The prophet Malachi speaks of God sending a Refiner’s Fire that will consume God’s people, encouraging out the potential within and turning them into precious gold. Transforming the potential, as Paul was later to write, from glory to glory becoming more and more Christ like.
The Holy Spirit came down upon those gathered on that first Pentecost and transformed them.
Transformed them from holding potential to tell their stories, into people alight with the Holy Spirit, who could and would tell their stories, tell them to every nation.
Transformed them from people whose first thought was about their own desires and safety, into people whose first and only thought was about God’s Kingdom and glory.
Transformed them in the Holy Spirit’s refining fire from those who had seen and believed, into the precious carriers of God’s love, peace, joy and hope eager to share their faith that God’s promises were, are and will come true.
Transformed them into precious gold.
This picture Coalbrookdale by Night by Philip James de Loutherbourg painted in 1801, resides in the Science Museum in London.
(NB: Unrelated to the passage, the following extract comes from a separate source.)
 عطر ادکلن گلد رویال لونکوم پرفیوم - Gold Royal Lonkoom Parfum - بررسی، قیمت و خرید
However a very large copy of it was part of my childhood.
It hung above the fire in the snug, where the TV resided and there was usually a fire in the hearth, the place where if we were ill we were placed with an eiderdown the fire roaring and the windows open. My mother was firmly of the belief that you could, at the same time, both sweat and freeze every and any ailment out of a child. For several months I had a major problem with my throat and that room was my home during the day as I was not permitted to go to school. I was even allowed to eat and do the work the school had sent in there, such things were not usually permitted. It was one of two rooms in the house we would find my mother, if she wasn’t in the kitchen, baking, cooking, ironing, washing, then we knew she would be in the snug reading or knitting, Unless she had the knitting or sewing machine out and then we would find her in the dinning room, but the noise always gave those activities away, but I digress.
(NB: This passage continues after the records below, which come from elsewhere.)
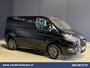 Ford Transit Custom 2.0 TDCI 130pk L1H1 Euro6 Airco | LED | 2500kg Trekhaak | Cruisecontrol | Verwarmde voorruit Parkeersensoren, Bijrijdersbank
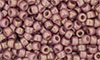 Matubo Seed Bead 7/0 : Luster - Opaque Pink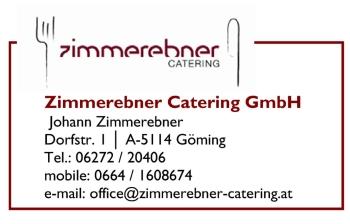 Foto für Zimmerebner Catering GmbH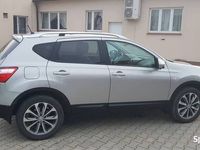 używany Nissan Qashqai 2.dCI, Tekna, 4x4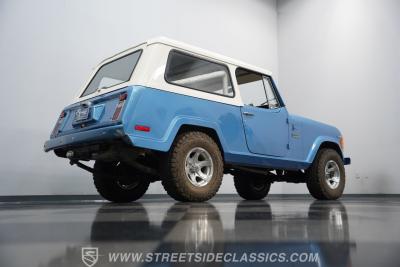 1972 Jeep Commando 4x4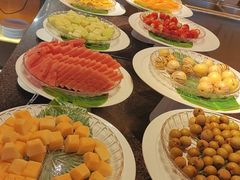 -听松楼·花园酒店·自助餐厅(红梅公园店)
Looking at that picture today I don’t think the copy we had was a particularly good one, but then I suppose reproduction techniques weren’t the same as today. My memory tells me the picture was far darker, there was virtually no detail in the buildings, and the horse was but a lighter blob. It was predominately just this mass of red and orange fire. I remember when I saw the picture later in life and was quite surprised, even shocked, by how different it was. As a child I thought it was a massive fire, I knew the fire was a foundry but thought it had spread and taken hold of the building itself. Yet the reality is the fire’s glow and heat are but a reflected light show in smoke.
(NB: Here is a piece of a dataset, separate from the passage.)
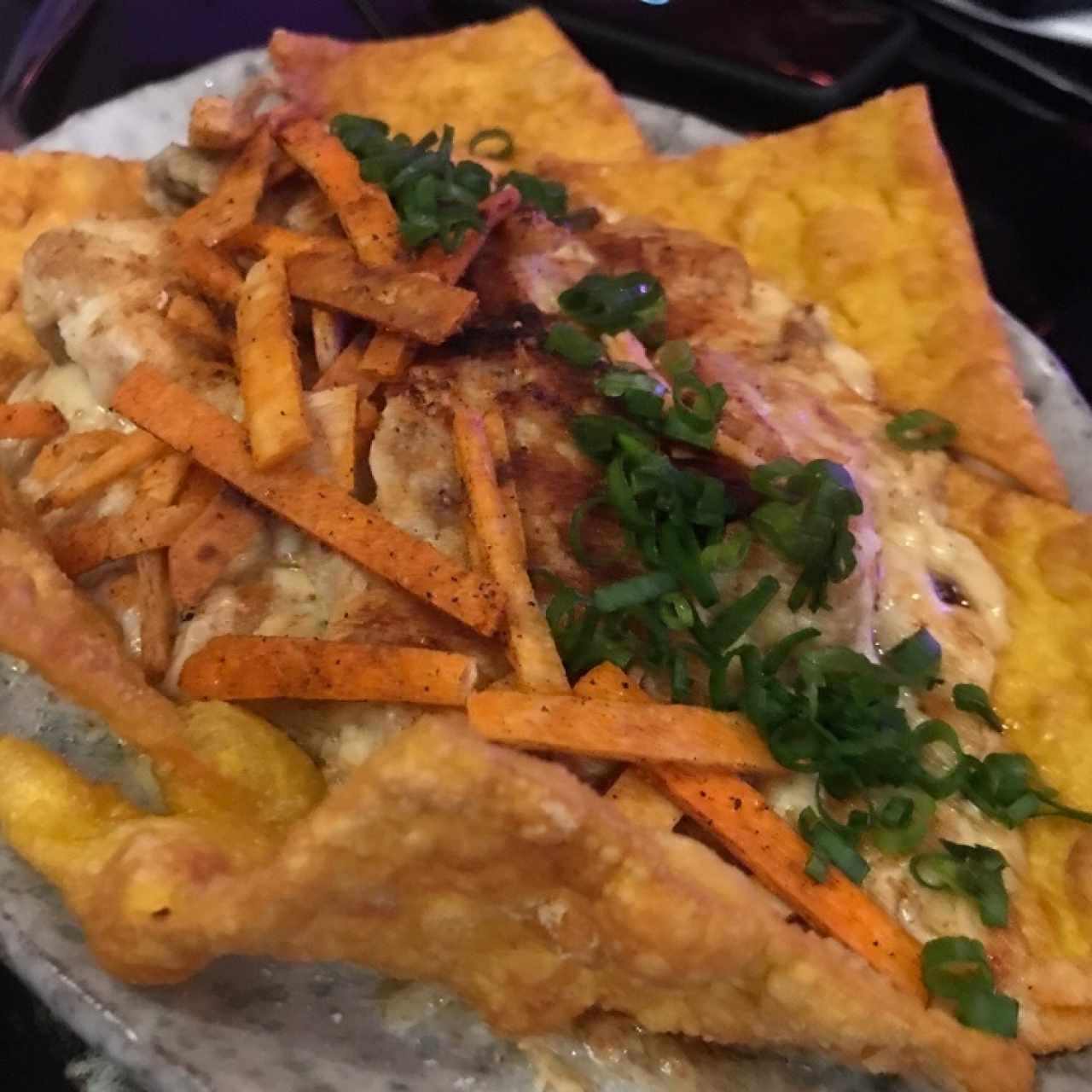 CHIIDZU DE MARISCOS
When I thought I might paint a picture for Pentecost it was the memories of this picture that came to mind, not to reproduce it but to try and grasp that childhood memory of an all consuming fire and my later realisation of reflected glory.
This particular painting has been a large learning curve, I am glad I choose to start it back at the beginning of Lent for it has taken me all that time to finally get it to a place I am happy with. I did wonder at one point what had possessed me to paint a picture A1 size, however in writing this post I think that maybe the size too has been influenced from my childhood memories for the image that hung over that fireplace of Coalbrookdale by Night was even larger.